Silicon.com carries a story about one of Her Majesty’s Revenue and Customs’ new IT projects. Apparently the “Aspire” project will come in at double the estimated 3 to 4 billion pounds. There is no hint of what the real-world functions of Aspire are supposed to be, but apparently this is part of the department’s attempt to cut the proportion of its costs that are IT below 20% at the same time as reducing its headcount by 12,500 (out of 90,000).

Readers who are in business may wish to pause at this point and admire the insanity. Breath the heady aroma of that pompous project name. Note lightly in passing the apparently conflicting goals. Savour a budget for a re-tooling exercise (if that is what it is) of £40,000 a head. Stretch your generosity (it’s good for you) and see that mere billion variance in the estimate as a calculated ±15% derived from risk analysis, not cluelessness at all. Then marvel as the costs bust the error-bars by multiple-sigmas… A Titanic of a project! How unlucky could they be?

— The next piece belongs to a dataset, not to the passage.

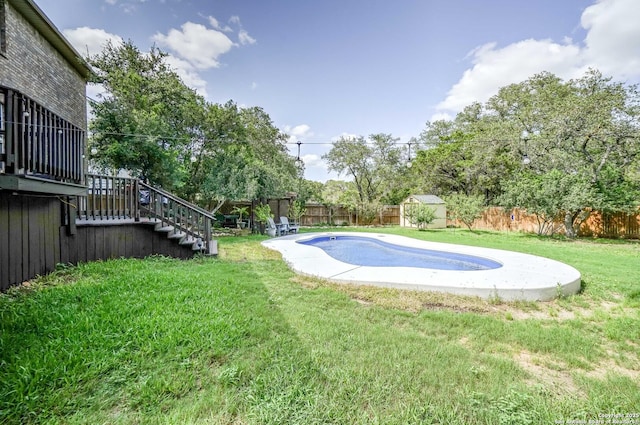4763 Bending Grv, San Antonio, TX 78259 - view of swimming pool featuring stairway, a fenced backyard, a storage shed, and view of scattered trees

So far so paradoxical. Business as usual for the government department that purports to oversee your every penny, and guarantees suffering if you can’t account for the office biscuit budget, or provide a full itinerary for a business trip taken five years ago. What’s sort of gobsmacking is this – the National Audit Office (NAO) finds things to praise:

The NAO estimates that if HMRC’s approach and best practice is adopted across the public sector, it could save 10 per cent in procurement and transition costs when re-competing major contracts – and called on the Office of Government Commerce to take a lead in providing guidance in the future.

Head of the NAO, Sir John Bourn, said in the report: “The department successfully completed the first major re-competition of a large public sector IT contract and transfer from one supplier to another without a loss in service to the taxpayer.”

I’m not sure I want to know what “re-competing” is.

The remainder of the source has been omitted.